■ Task objective ■
What the task requires is an exact printout of the listing below, pictures excluded.

■ Dataset section ■
========================================================================
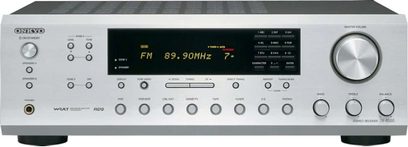 Onkyo TX-8555 sølvfarvet stereo hi-fi-forstærker, set forfra, blå skærm, sorte knapper og drejeknapper, hovedtelefonstik til højre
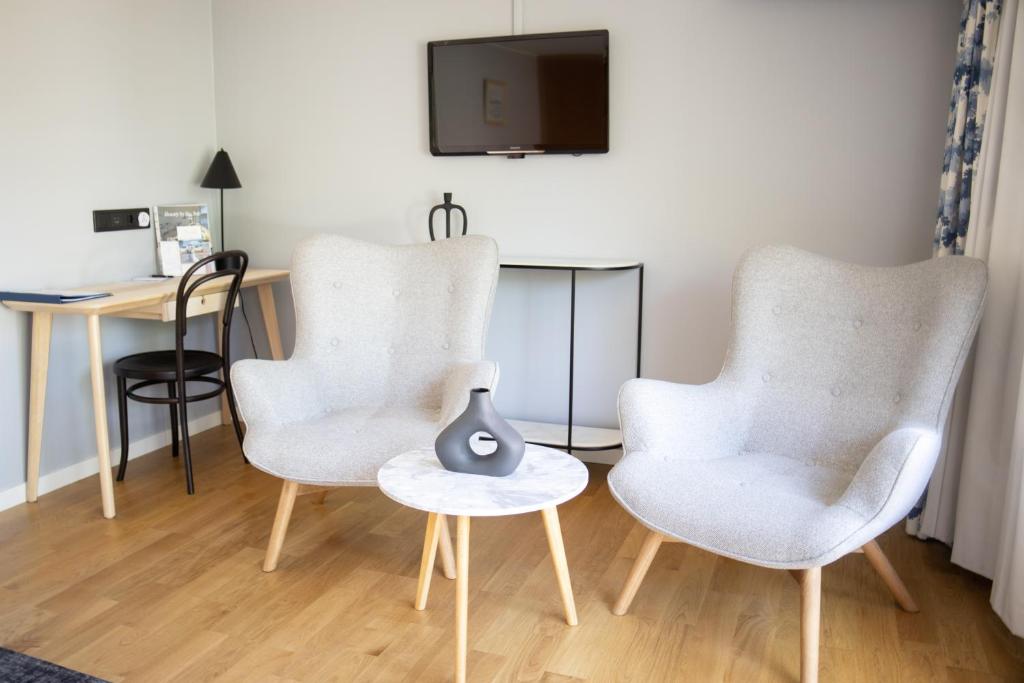 TV a/nebo společenská místnost v ubytování Gränsö Slott Hotel & Spa
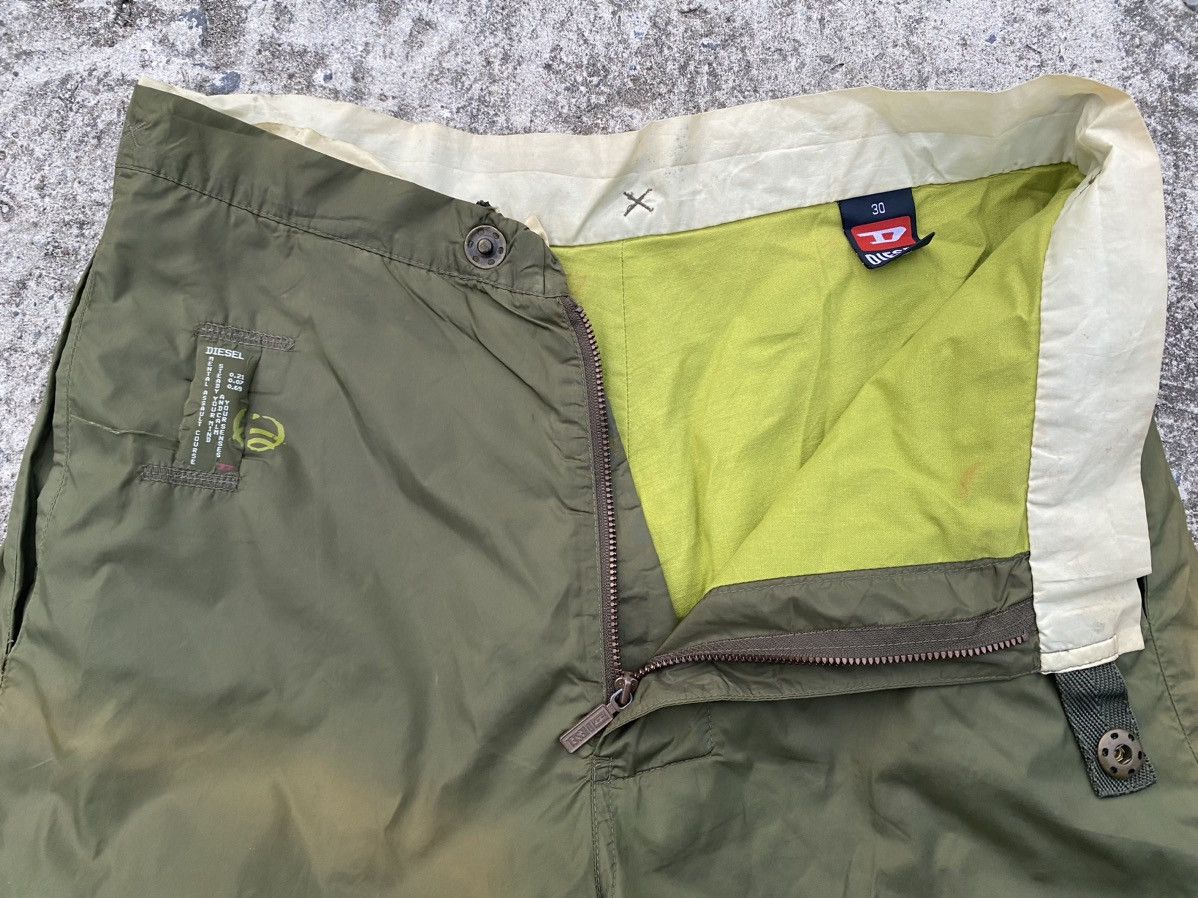 Diesel Vintage Diesel Mental Assault Parachute Pants Size US 32 / EU 48 - 8 Thumbnail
========================================================================
■ Answer to this problem ■
 Onkyo TX-8555 sølvfarvet stereo hi-fi-forstærker, set forfra, blå skærm, sorte knapper og drejeknapper, hovedtelefonstik til højre
 TV a/nebo společenská místnost v ubytování Gränsö Slott Hotel & Spa
 Diesel Vintage Diesel Mental Assault Parachute Pants Size US 32 / EU 48 - 8 Thumbnail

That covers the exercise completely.